> _Given data_
BEGIN

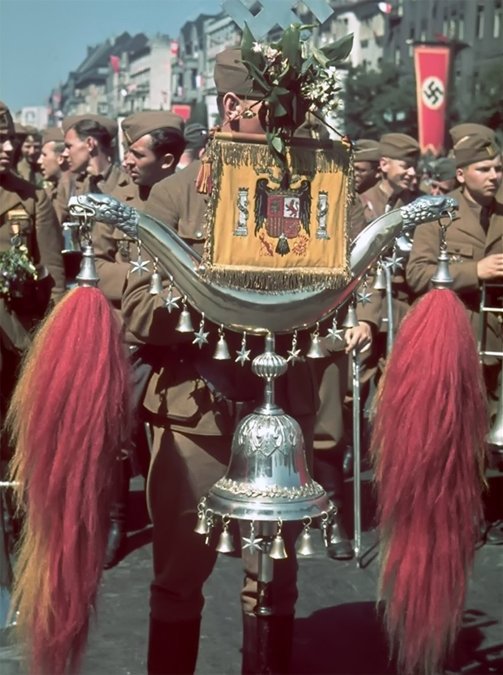 Glockengeist's tweet photo. Parade of the Legion Condor in Berlin after their return from Spain, 1939. https://t.co/Yi7GrSPdjh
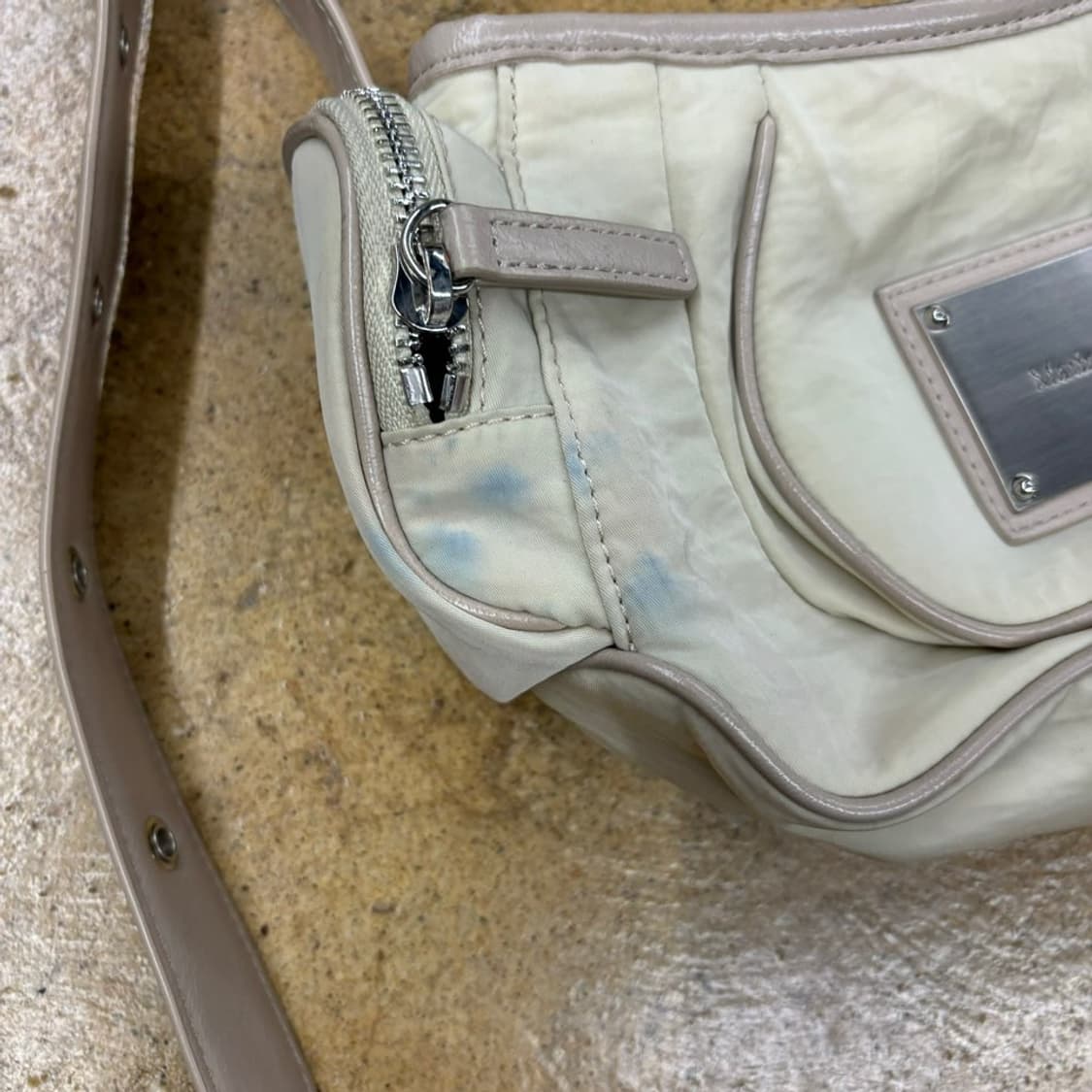 마뗑킴 마들렌 라운드 백 라이트 베이지  상품이미지6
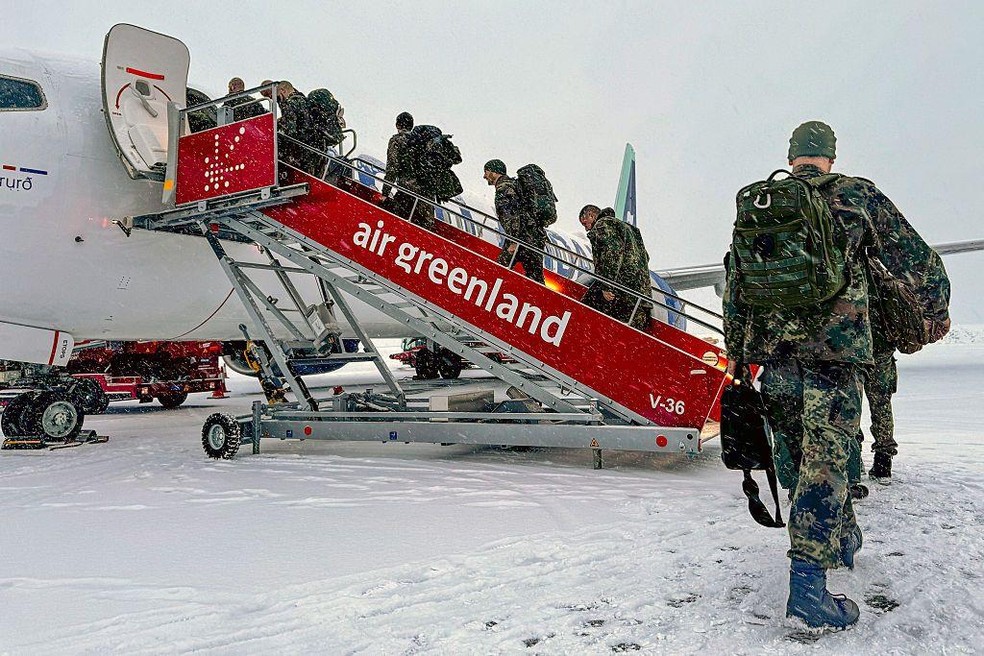 Trump reagiu com raiva à decisão de oito países europeus de enviar tropas para a Groenlândia — Foto: BBC News fonte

END

> _Exercise requirements_
Retype the listing exactly. Skip every picture.

> _Reply to the exercise_
 Glockengeist's tweet photo. Parade of the Legion Condor in Berlin after their return from Spain, 1939. https://t.co/Yi7GrSPdjh
 마뗑킴 마들렌 라운드 백 라이트 베이지  상품이미지6
 Trump reagiu com raiva à decisão de oito países europeus de enviar tropas para a Groenlândia — Foto: BBC News fonte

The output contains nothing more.